A estas alturas muchos conocemos en qué consiste la técnica del kintsugi japonés. Para quienes no la conozcan les contaré que consiste en la puesta en práctica de un concepto casi filosófico que dignifica las cicatrices del tiempo o provocadas por un daño. En lugar de desprendernos del objeto, de la pieza que en este caso se trata de objetos de cerámica o porcelana, los reparamos y para darle toda la más alta dignidad posible, en lugar de ocultar la cicatriz, la rotura, se resalta, se “luce” decorativamente a través de un hilo de oro que recorre esta fractura.
A veces pensamos que estas ideas únicamente se hallan en la mentalidad oriental y no es completamente cierto. No hay que irse muy lejos para encontrar nuestra especie de kintsugi local en las lañas que se ponían en las piezas de cerámica antigua sobretodo levantina. El procedimiento de lañado o “grapado” de un plato de cerámica que se ha fracturado, como resulta fácil de imaginar, es un trabajo delicado pues cosiste en literalmente “coser” la pieza con grapas metálicas con el fin de devolverla a su estado o forma primigenia en lugar de desprenderse de ella. Las lañas son imposibles de disimular pero muestran, como herida de guerra, el aprecio que se le ha tenido a dicho objeto de loza por su decoración, es decir, por el arte y la época que encierra el objeto que se dignifica, puesto que la loza carece a penas de valor en sí misma.

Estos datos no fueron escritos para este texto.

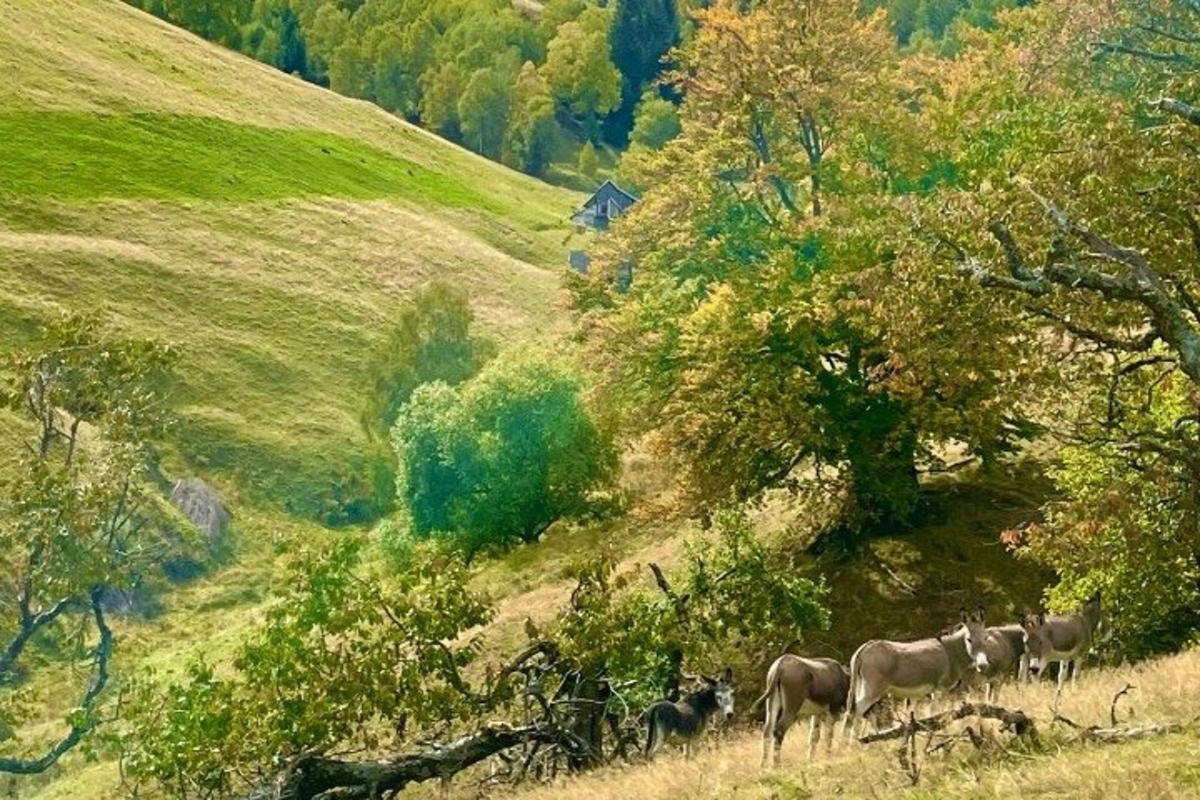 stádo zvířat kráčejících po travnatém kopci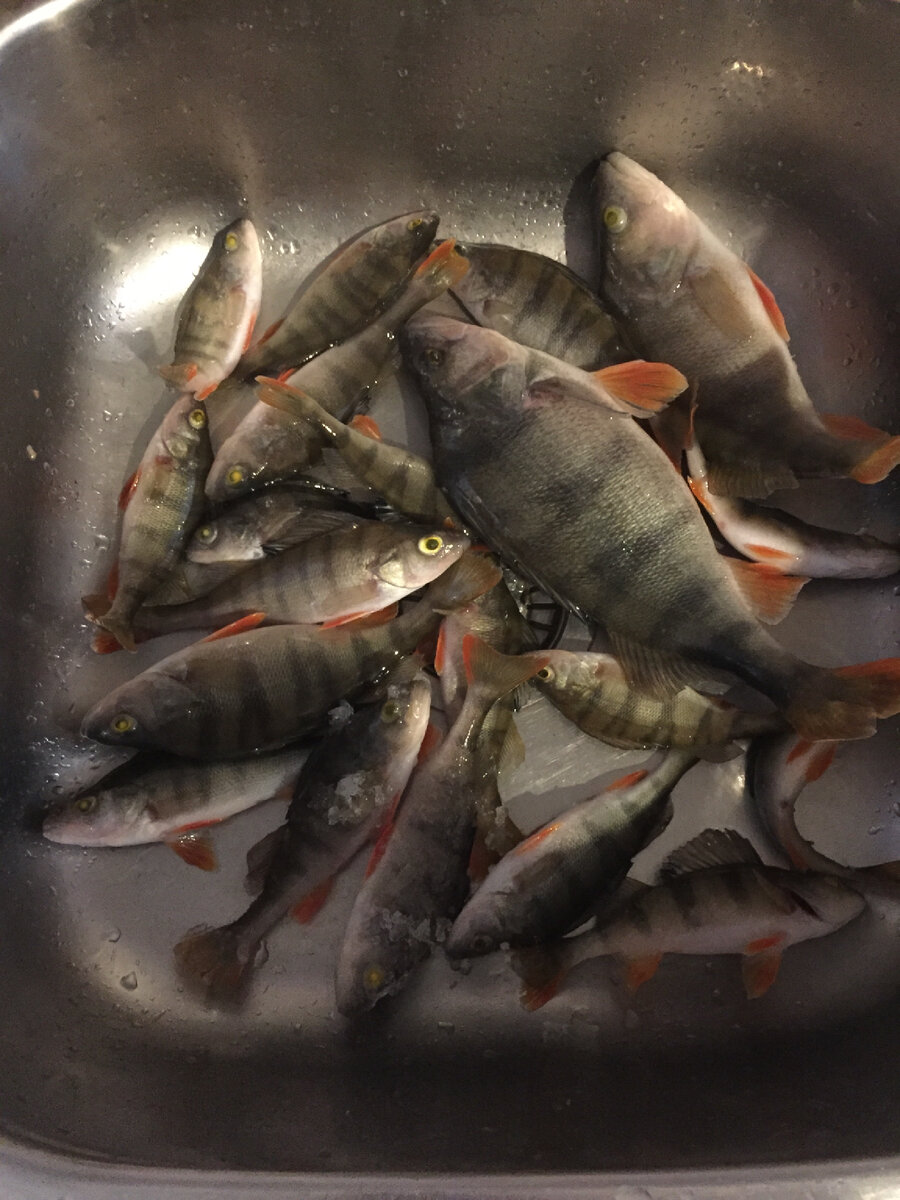 Зимний окунь 2024 года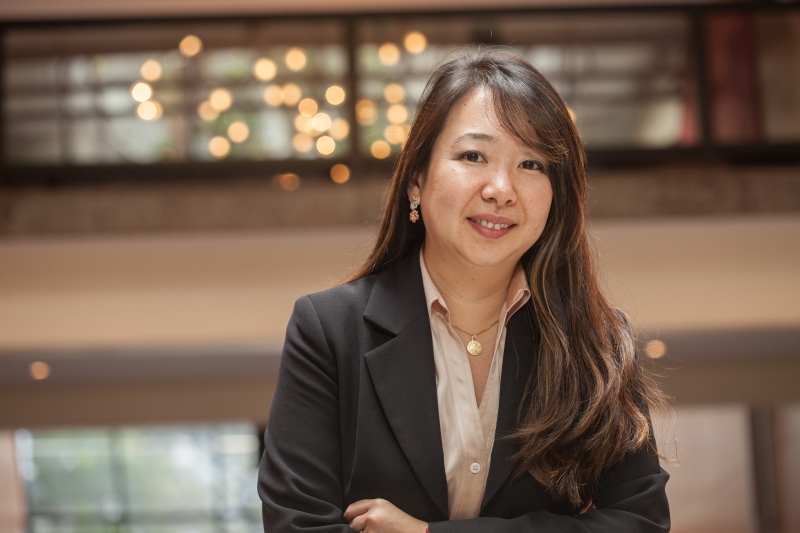 Papel social do produto garante aprendizagem sem sobressaltos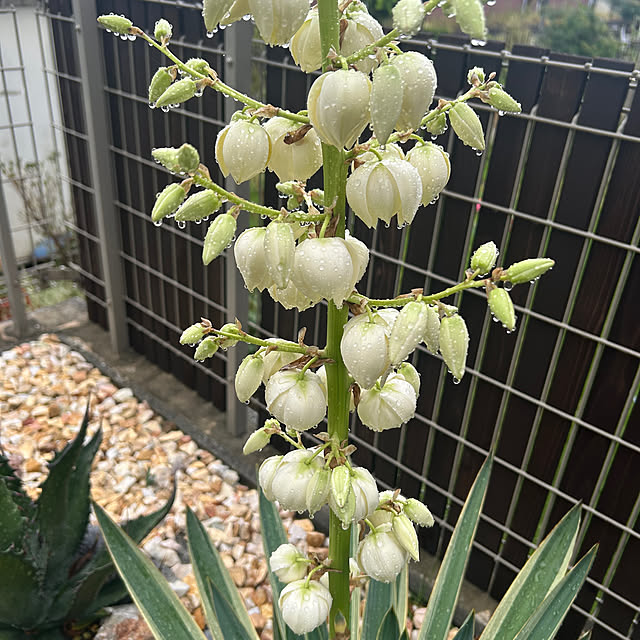kuroさんの実例写真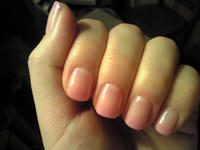 2008022022033j.jpg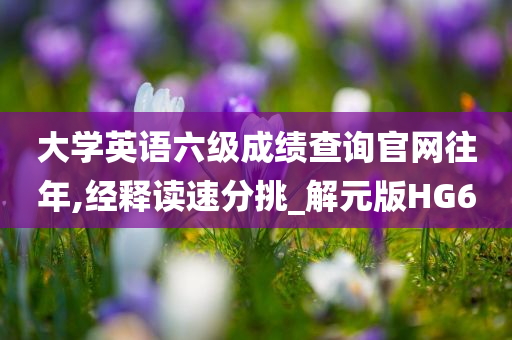 大学英语六级成绩查询官网往年,经释读速分挑_解元版HG6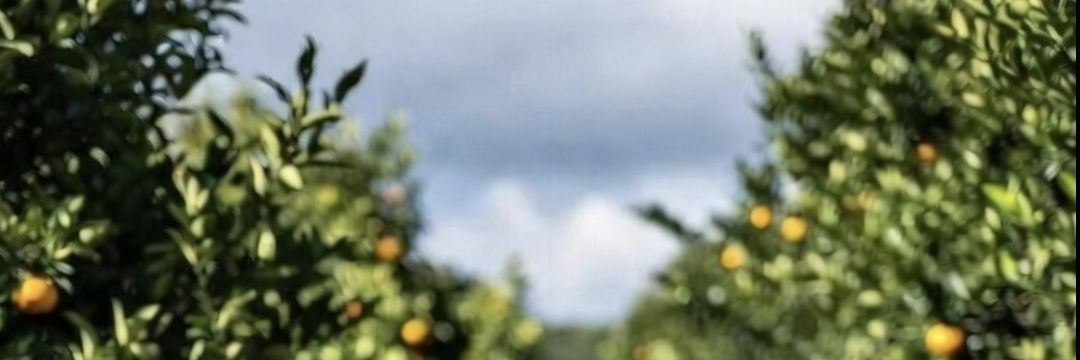 loeast_vineyard's profile banner image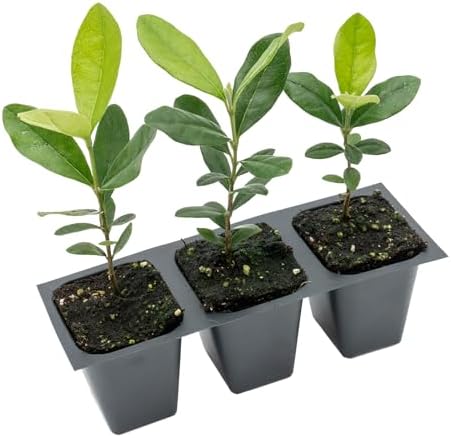 3 Pineapple Guava (Feijoa) Trees | Live Saplings in 2.5-inch Nursery Cubes | Feijoa Sellowiana Variety | Drought-Tolerant Fruit-Bearing Trees and Shrubs | Tropical Ornamental Charm for Home and Garden - Image 6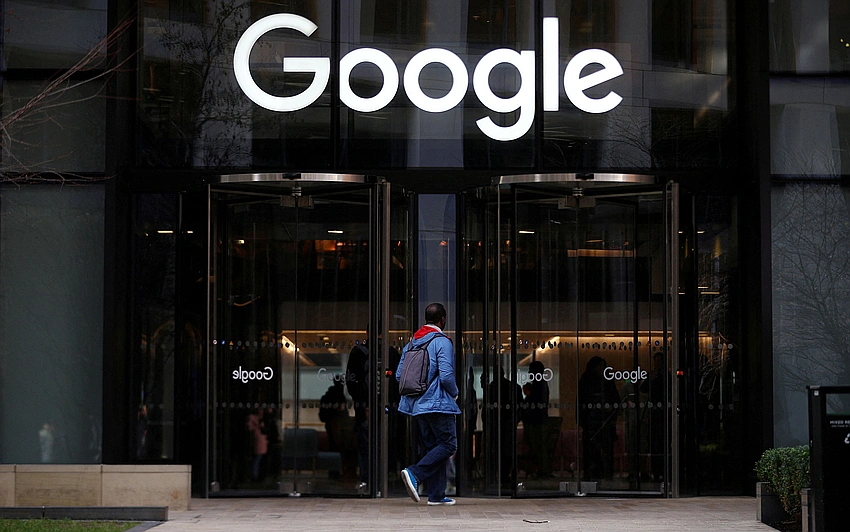 Google Staff in New York Struggle with Real Bugs — Not the Tech Kind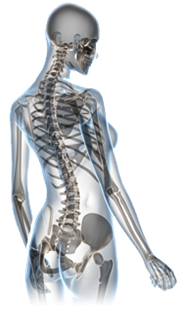 Genetic studies confirm two distinct sub-types of rheumatoid arthritis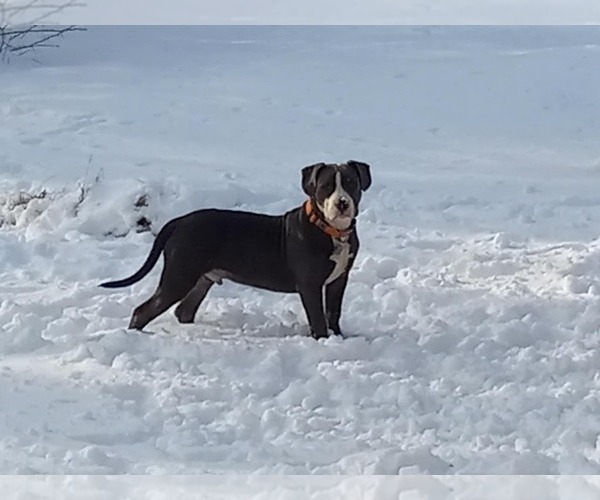 Medium Photo #1 American Pit Bull Terrier Puppy For Sale in DELAWARE, OH, USA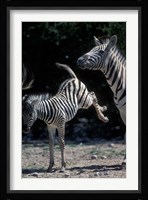 Plains Zebra Kicks, Etosha National Park, Namibia Fine Art Print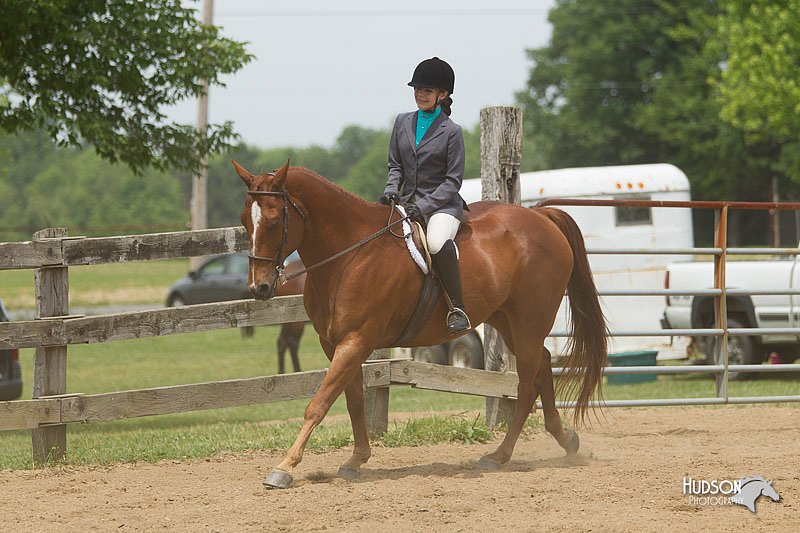 4H-Fun-Show-11_0481.jpg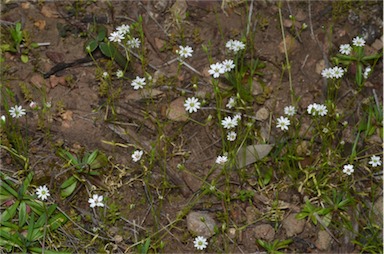 APII jpeg image of Stellaria leptoclada  © contact APII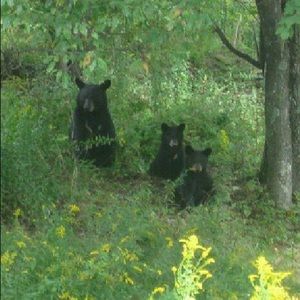 Meet your Posher, Bernice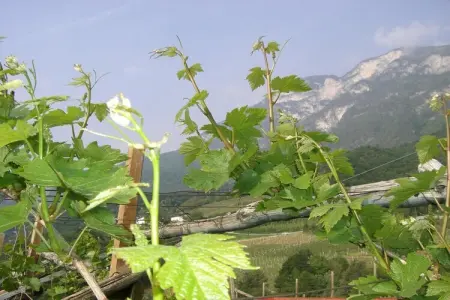 Maison vignoble Kurtatsch, 1 chambre, pain frais : photo 13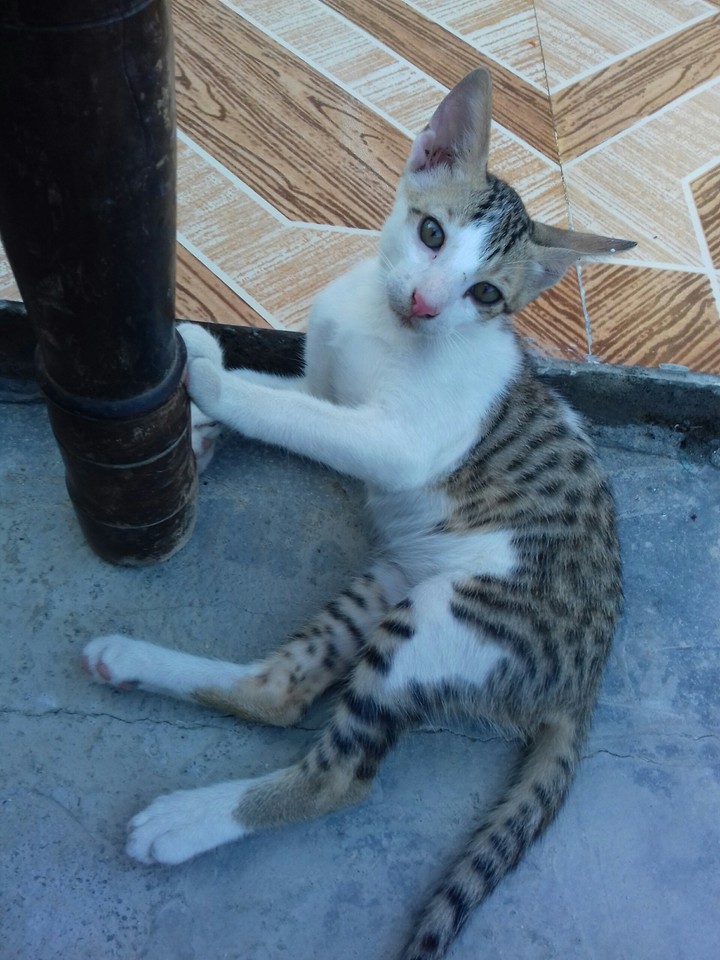 Cat.2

El anticuario e interiorista belga Axel Veervordt (1947), es uno de los diseñadores de interior más influyentes del momento. Comenzó siendo anticuario, cosa que no ha dejado de serlo, ya que todavía expone su exquisita “mercancía” en las mejores ferias de antiguedades del mundo como TEFAF-Maastricht. Es a finales de los años 90 cuando empieza a trabajar en el diseño de interiores. Veervordt quiere romper con el minimalismo frío y “tecnológico” y no renuncia a introducir en sus espacios tanto el arte contemporáneo como las piezas antiguas en un ambiente de una paleta de colores reducida y apagada que invita a la relajación. En sus trabajos, nunca cargados, incluso minimales, hay una profusión de elementos naturales como la piedra, el barro o la madera. La intemporalidad preside los ambientes creados por el diseñador europeo y podemos afirmar, en definitiva, que Veervordt representa en sus proyectos la filosofía que envuelve al Wabi Sabi pasados por el tamiz occidental.
Si bien la tendencia marcarada por el Wabi Sabi es de origen japonés, como sucede en estos casos, su llegada a occidente ha producido una declinación de corte europea. Así, no es casual que la traducción estética de este modo de ver el mundo coincida con un resurgimiento del mueble decapé que precisamente deja entrever la madera natural subyacente, por medio de un procedimiento destinado precisamente a poner en relieve imperfecciones, irregularidad cromática, mezcla de pinturas etc. Un decapé bien ejecutado, justamente, deja entrever la pátina que deja el paso del tiempo, el trabajo artesanal, la autenticidad de la pieza y la individualidad.